- Born: El Behira, Egypt
- Occupations: Talk show host and journalist
- Known for: Sirri lil-Ghaya (Top Secret) 1998–2009; Akhir Kalam (Final Word) 2010–2014; Al-Solta Al-Khamsa (Fifth Estate) 2016–2018;

= Yosri Fouda =

Egyptian investigative reporter

Yosri Fouda (يسري فودة DIN, /arz/) is an Egyptian investigative reporter, author, and television host. He established Al Jazeera's office in London and was one of the star figures in the channel until he resigned in 2009. Fouda also worked as a television host at the Cairo-based ONTV Egyptian Channel. He co‑authored Masterminds of Terror: The Truth Behind the Most Devastating Attack The World Has Ever Seen, published in 2003 by Arcade Publishing.

==Early life and education==
Fouda was born in Manshyet Ganzour in Tanta, El Gharbia. He got his bachelor's degree in Mass Communication at Cairo University and was appointed as an Assistant lecturer after his graduation. He pursued his master's degree at the American University in Cairo and graduated in 1992. Shortly after his graduation he got a Diploma in TV production from the Netherlands.

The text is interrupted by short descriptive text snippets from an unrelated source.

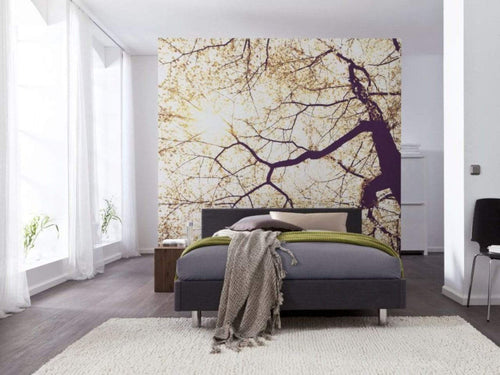 Komar Sunshine Wall Mural 250x250cm 5 Panels Ambiance | Yourdecoration.co.uk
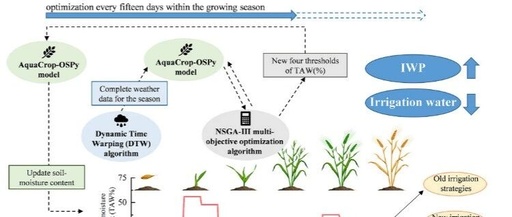 An Integrated Meteorological Adaptive Simulation-Optimization Framework for Real-Time Irrigation Scheduling Considering Perfect Weather Forecasts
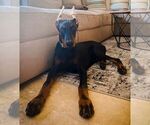 Small Doberman Pinscher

In 1993, Fouda was granted a scholarship from the British Council to pursue his PhD in documentary at University of Strathclyde and University of Glasgow. His studies were interrupted after he was approached by the BBC, who were looking for reporters with fluency in Arabic language.

==Career==

===BBC, Associated Press and ANN===
Fouda's short lived BBC career spanned between 1994 and 1996. He took part in establishing the BBC Arabic service in 1994, and later served as a roving reporter alongside veteran journalist Martin Bell. He covered the Bosnian independence war, and other important events in the Middle East and Africa. After only two years the services of the Arabic BBC subsidiary were suspended due to political reasons and Fouda joined the Associated Press Television News. He took part in establishing the Middle East desk at the news agency, as well as, setting up the London-based Arab News Network (ANN).

===Al Jazeera===
In 1996, he joined the newly formed Al Jazeera as a UK and Western Europe correspondent. A year later he helped in securing an independent production office for Al Jazeera, and established their office in London. He was later appointed as the bureau chief of the London Al Jazeera office. Fouda started his widely popular monthly program Top Secret (سري للغاية, DIN) in 1998.

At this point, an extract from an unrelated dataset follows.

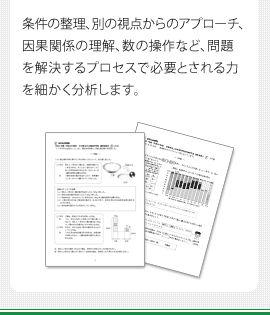 条件の整理、別の視点からのアプローチ、因果関係の理解、数の操作など、問題を解決するプロセスで必要とされる力を細かく分析します。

====Sirri lil-Ghaya and Al Qaeda====
His program was greatly received by critiques and viewers in the Arab world and won the second place at the 1998 Cairo Radio and Production Festival. In April 2002, Fouda interviewed Khalid Sheikh Mohammed, who admitted his involvement, along with Ramzi bin al-Shibh, in the September 11 attacks. Fouda does not consider his interview with the 9/11 orchestrators as a turning point in his career; instead he believes it introduced him to an international audience.

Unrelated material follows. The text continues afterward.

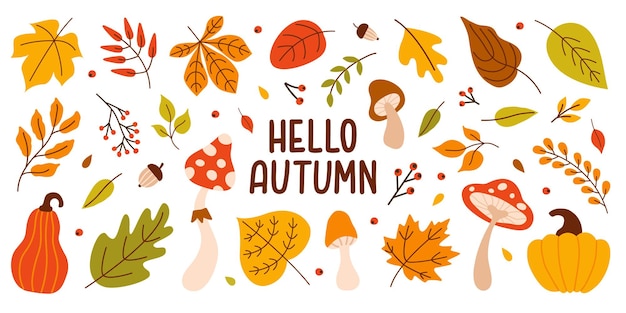 Ensemble coloré d'automne de feuilles de saison, citrouilles, champignons et glands isolés sur fond blanc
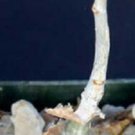 15 Seeds Commiphora Wightii (Caudex rare bonsai seed)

It has been suggested that Fouda gave away the hideaway location of bin al‑Shibh to Aljazeera's chairman Hamad bin Thamer Al Thani, a cousin of the Emir of Qatar, and that CIA director George Tenet received the location tip-off from the Emir, resulting in bin al‑Shibh's capture.

In 2006, Fouda, in charge of Aljazeera's London bureau, broke the story on the "martyrdom video" by "9/11 hijackers" Mohamed Atta and Ziad Jarrah.

Fouda resigned from Aljazeera in 2009, almost two years before the 2011 Egyptian revolution that toppled former president Hosni Mubarak. His resignation was driven by his disagreement with the inter-politics of the news agency, along with his feeling that an important event will soon take place in Egypt. Soon after his resignation, Fouda joined ONTV to host a talk show Last Words (اخر كلام).

===ONTV===
Fouda joined the politically independent Egyptian channel in 2010. Although he received numerous "tempting" offers from Aljazeera rivals, Fouda chose to return to Egypt. ONTV was still a new channel with a small budget, but he believed in the channels administration and founder Naguib Sawiris - a renowned Egyptian businessman.

====2011 Egyptian revolution====
Fouda supported the revolution from day one, and offered an uninterrupted coverage of the Tahrir Square protests. Although he did not join the protests in Tahrir, he believed that his role should be in reporting and broadcasting the events as they unfold. His show gained massive popularity in Egypt during and after the revolution, and was at the top of TV show ratings. Fouda had interesting thoughts about the post-revolution Egypt, where he stated in an interview with Stephen Sackur that very little had changed in Egypt since the revolution, and that the ex-regime is still around and it should be preserved.

====Suspending his talk show====
His show constantly criticized Egypt's former military rulers and in October 2011, Fouda suspended his show in protest of what he called the "efforts by the country's military rulers to stifle free expression". He said "This is my way of self-censorship, either to say the truth or to be silent". The show went off air for three weeks and was resumed on November 13, 2011. At the start of his episode Fouda stressed that he stopped his program for three weeks to "prove a stance", and that his allegiance is always to "right and truth". On May 17 Fouda stated on his Twitter account that he will end the show in six weeks, but he then decided to continue for another year. The show was suspended again in late June 2012. He did not offer a clear explanation of the reasons and chose to briefly tweet “I’ve stopped my show because I respect you, the details concern me alone. The only thing that matters for the viewer is my work”. The show resumed in September 2012.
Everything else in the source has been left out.